Being Agile
I'm leading a small project at work now and it is almost over. I'm just documenting my experience and what's on my mind about the project now.
One day, our QA guy asked why I'm not conducting a daily standup at a fixed time. I told him I'm not planning to conduct daily standup and will stick to separate discussions with the team members and a weekly check of working software.
I understand that daily standup meetings are very useful for remote teams and for stakeholders to understand the progress, blockers that are happening. It is essential when you're actually agile in everything.
But this is a project with fixed scope/budget and there is not much room for change. I did not see the value for conducting a standup as the only stakeholder in a fixed scope project. The team is sitting together in an office and they're free to discuss within them, or with me whenever they feel the need to.
But I like running sprints with clear definition and delivery expectation. So we settled on bi-weekly sprint. We start the sprint with a kick-off and a rough outline of the features we want to develop. There are unknowns at the time of beginning but we'll get to those eventually and finish things mostly by the end of the sprint.
Some members of the team are new to NodeJS and NestJS, me leading the project is new to React, NodeJS, NestJS, and MongoDB. I had to read through lot of MongoDb docs on first week to learn how to create better schema (mongoose) design for Mongo and how not to let my traditional SQL mindset define things in Mongo.
We struggled a lot for a first two sprints and often was working till 2 AM. But it was a good learning experience.
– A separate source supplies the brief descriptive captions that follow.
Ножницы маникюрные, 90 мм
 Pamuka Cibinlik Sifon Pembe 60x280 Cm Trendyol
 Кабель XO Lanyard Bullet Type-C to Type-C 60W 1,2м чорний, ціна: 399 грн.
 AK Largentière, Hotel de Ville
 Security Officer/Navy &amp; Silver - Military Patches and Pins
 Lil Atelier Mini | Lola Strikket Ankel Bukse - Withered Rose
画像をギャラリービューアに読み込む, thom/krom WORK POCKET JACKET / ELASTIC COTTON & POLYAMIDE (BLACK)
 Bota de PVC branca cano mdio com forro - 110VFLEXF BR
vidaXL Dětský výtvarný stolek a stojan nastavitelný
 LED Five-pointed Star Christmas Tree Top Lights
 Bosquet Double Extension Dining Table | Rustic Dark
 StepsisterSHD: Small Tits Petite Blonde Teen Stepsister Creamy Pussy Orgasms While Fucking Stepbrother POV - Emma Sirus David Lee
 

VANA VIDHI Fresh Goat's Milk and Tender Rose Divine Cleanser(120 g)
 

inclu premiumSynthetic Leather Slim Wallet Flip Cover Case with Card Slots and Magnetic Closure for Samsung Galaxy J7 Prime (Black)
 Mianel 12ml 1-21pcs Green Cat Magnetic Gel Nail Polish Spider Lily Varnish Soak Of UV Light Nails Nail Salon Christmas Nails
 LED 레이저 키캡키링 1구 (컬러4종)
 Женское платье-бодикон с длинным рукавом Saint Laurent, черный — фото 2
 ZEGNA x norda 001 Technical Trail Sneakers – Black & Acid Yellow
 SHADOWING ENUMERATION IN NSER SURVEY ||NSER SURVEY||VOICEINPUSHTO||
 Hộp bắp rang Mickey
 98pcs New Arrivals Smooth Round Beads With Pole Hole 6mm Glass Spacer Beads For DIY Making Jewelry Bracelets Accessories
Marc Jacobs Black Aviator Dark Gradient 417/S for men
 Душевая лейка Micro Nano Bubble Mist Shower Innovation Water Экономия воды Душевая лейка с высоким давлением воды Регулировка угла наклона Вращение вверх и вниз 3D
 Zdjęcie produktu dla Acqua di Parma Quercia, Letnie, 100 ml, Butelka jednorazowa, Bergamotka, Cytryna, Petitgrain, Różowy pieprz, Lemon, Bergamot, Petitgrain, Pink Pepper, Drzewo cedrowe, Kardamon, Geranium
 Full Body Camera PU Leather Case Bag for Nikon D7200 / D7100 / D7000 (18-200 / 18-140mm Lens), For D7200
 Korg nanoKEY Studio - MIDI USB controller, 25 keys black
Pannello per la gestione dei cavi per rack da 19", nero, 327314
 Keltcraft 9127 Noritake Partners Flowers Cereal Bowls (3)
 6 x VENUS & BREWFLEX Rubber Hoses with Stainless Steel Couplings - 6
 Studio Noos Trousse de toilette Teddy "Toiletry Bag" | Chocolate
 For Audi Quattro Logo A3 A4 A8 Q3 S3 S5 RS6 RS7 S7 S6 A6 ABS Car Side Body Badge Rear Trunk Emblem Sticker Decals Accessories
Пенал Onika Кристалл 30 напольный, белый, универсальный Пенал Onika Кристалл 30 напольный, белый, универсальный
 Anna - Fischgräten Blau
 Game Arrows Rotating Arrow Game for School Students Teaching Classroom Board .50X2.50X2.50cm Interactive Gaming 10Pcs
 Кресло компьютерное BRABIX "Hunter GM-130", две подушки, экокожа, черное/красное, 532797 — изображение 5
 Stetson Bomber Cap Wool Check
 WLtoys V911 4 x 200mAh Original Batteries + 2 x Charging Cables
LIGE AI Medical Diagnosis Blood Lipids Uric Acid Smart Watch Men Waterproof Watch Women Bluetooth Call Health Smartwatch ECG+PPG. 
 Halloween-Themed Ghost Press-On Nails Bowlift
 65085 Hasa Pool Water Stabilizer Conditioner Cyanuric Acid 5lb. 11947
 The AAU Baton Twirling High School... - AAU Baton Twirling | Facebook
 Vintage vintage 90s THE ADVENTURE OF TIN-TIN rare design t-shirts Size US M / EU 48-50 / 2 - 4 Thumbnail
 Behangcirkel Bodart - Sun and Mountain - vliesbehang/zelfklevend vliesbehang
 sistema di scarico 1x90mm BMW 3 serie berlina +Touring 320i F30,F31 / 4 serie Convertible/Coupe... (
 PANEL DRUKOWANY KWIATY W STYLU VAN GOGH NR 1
I am now able to debug and write React, NestJS code. Create schemas for MongoDb and write complex match and lookup statements with documentation lookups.
We finalised on the database structure within first few days of the sprint even for features on the last sprint. I like to keep the database stuff planned in advance and try to avoid changes in database and keep changes only at code level.
IMO, if the database is defined, the rest of the work becomes easier as CRUD request towards each collections and juniors have easier time wrapping their head around features. If the database wasn't fixed at first, I couldn't see that if we could've had the same mileage.
The fun part
Since most of the team are juniors, lot of decisions were on my plate about the design of the app. Sometimes they are mundane layout and UI stuff and sometimes they are interesting architectural problems to think about. I wanted to list few of the questions and the decisions we made.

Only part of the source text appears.